*** Opening DATA SUPPLIED ***

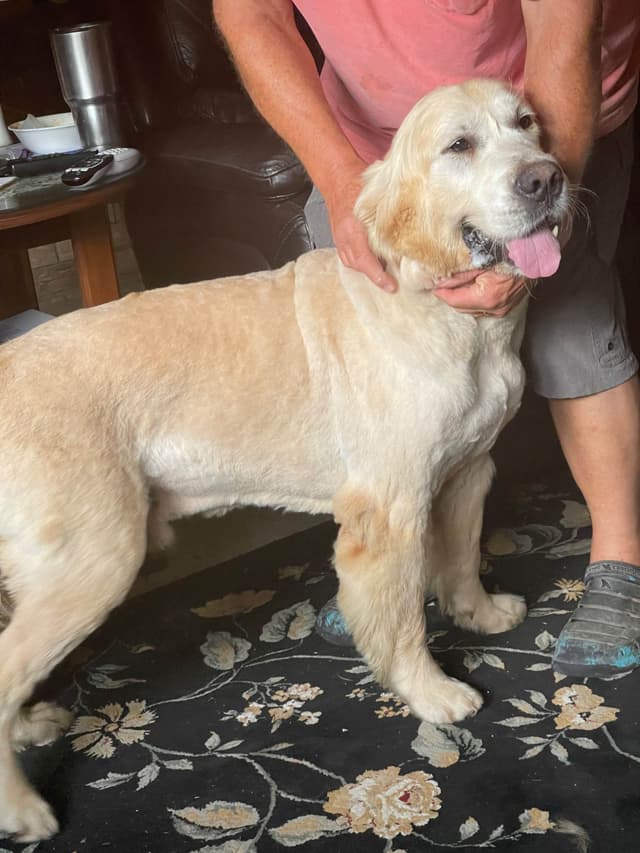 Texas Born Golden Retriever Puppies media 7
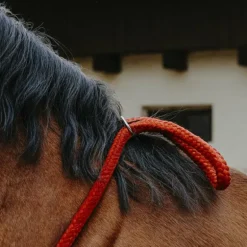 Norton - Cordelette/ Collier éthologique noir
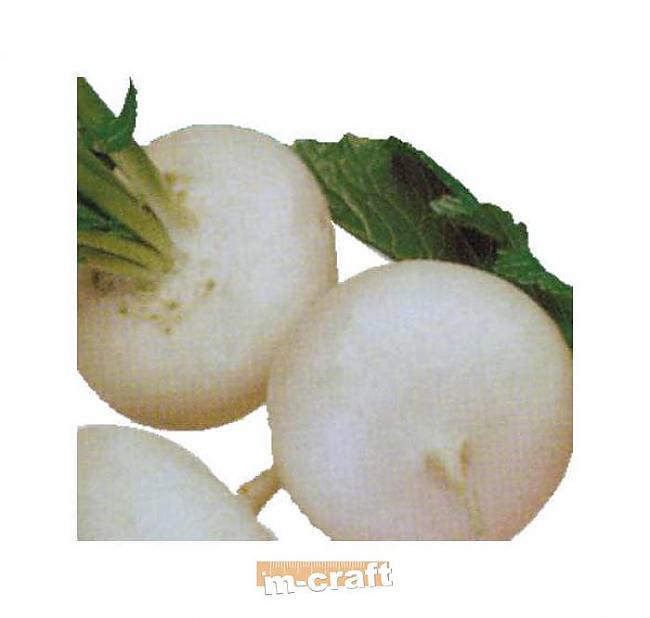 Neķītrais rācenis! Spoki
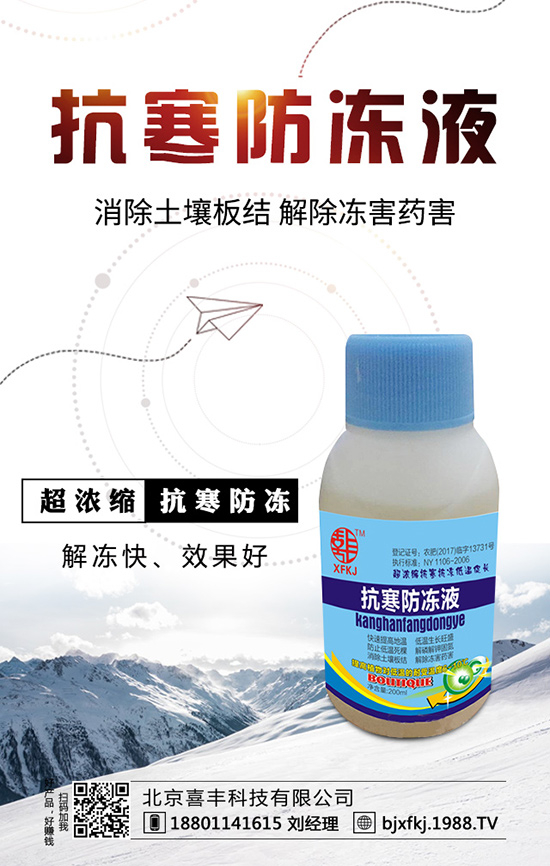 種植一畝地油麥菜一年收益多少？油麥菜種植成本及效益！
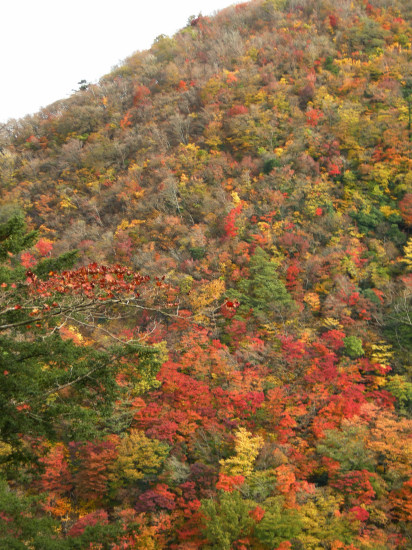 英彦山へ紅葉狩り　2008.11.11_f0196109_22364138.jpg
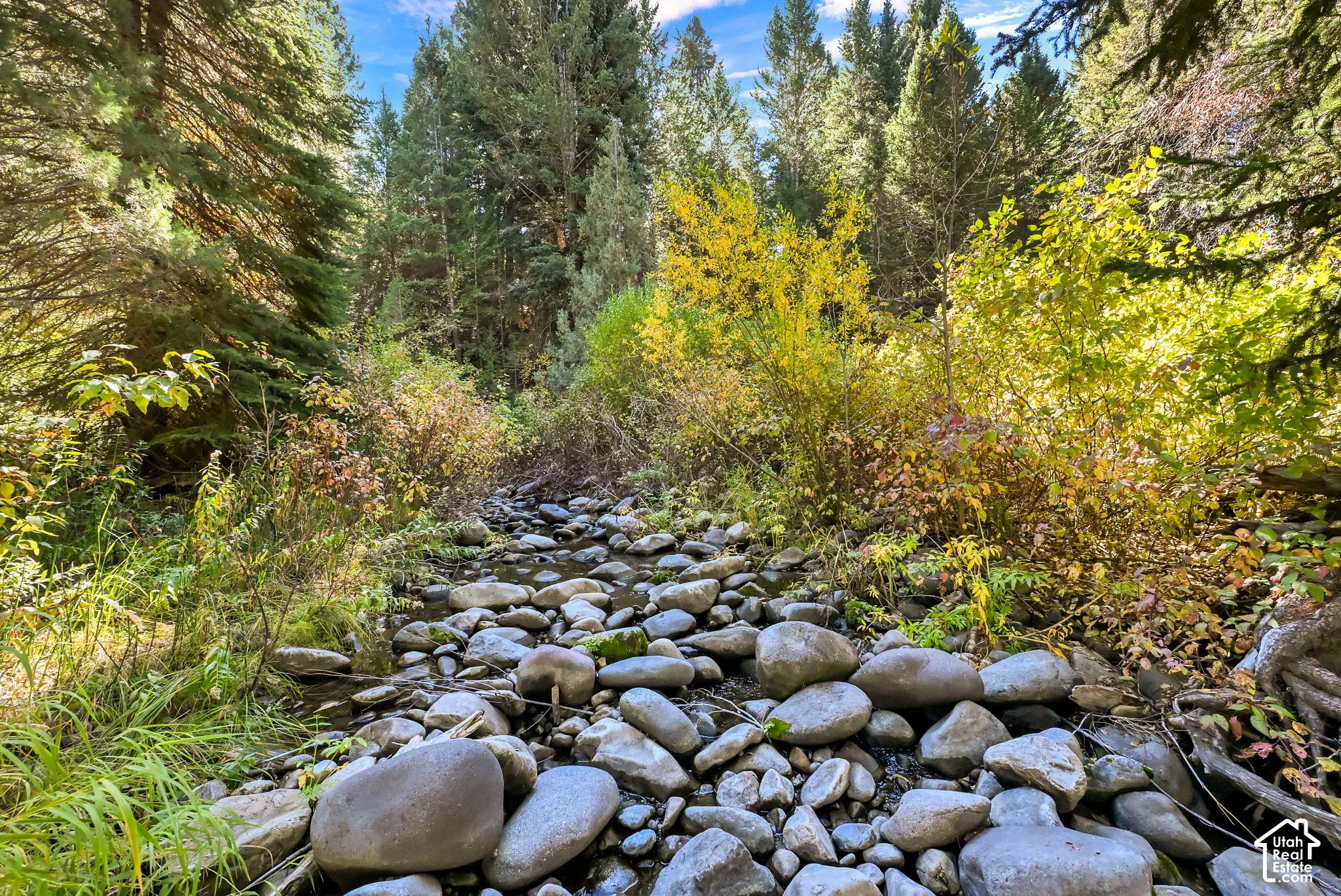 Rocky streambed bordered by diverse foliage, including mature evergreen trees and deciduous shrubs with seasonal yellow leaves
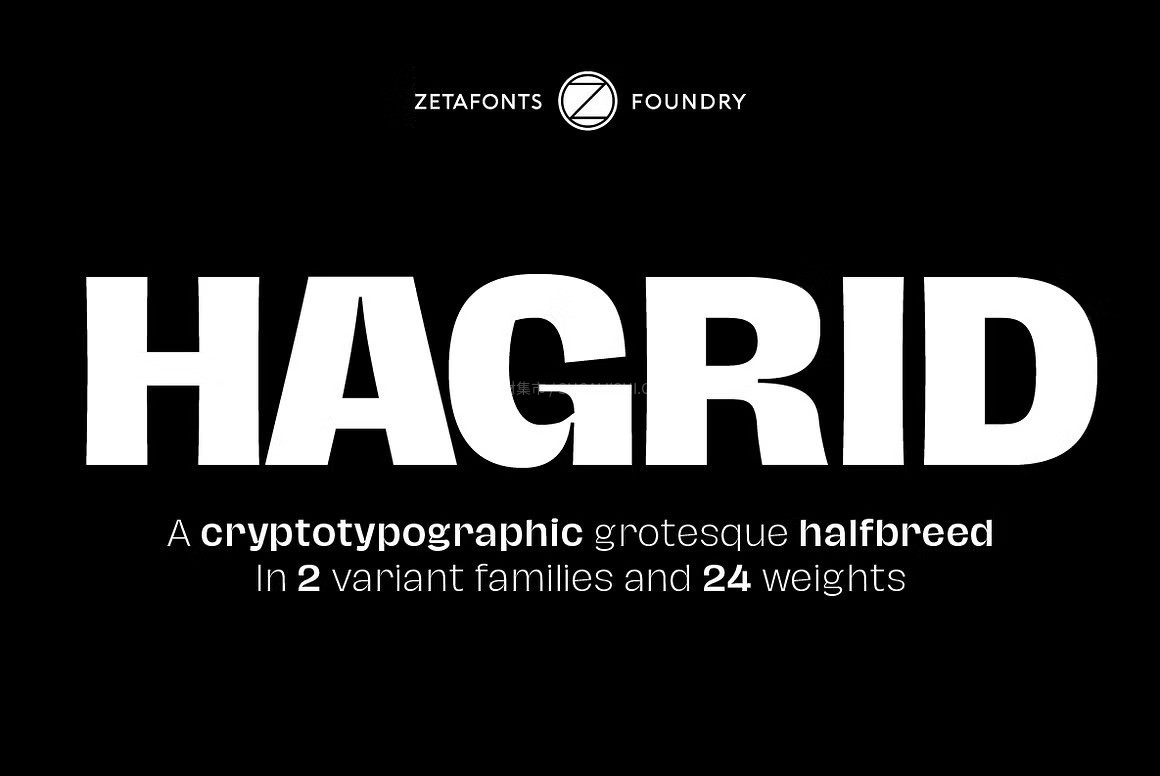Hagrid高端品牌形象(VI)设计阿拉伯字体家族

*** Closing DATA SUPPLIED ***

### INSTRUCTIONS FOR THE TASK
Reproduce all of the data exactly; the pictures do not belong in the copy.

### TASK RESULT
 Texas Born Golden Retriever Puppies media 7
 Norton - Cordelette/ Collier éthologique noir
 Neķītrais rācenis! Spoki
 種植一畝地油麥菜一年收益多少？油麥菜種植成本及效益！
 英彦山へ紅葉狩り　2008.11.11_f0196109_22364138.jpg
 Rocky streambed bordered by diverse foliage, including mature evergreen trees and deciduous shrubs with seasonal yellow leaves
Hagrid高端品牌形象(VI)设计阿拉伯字体家族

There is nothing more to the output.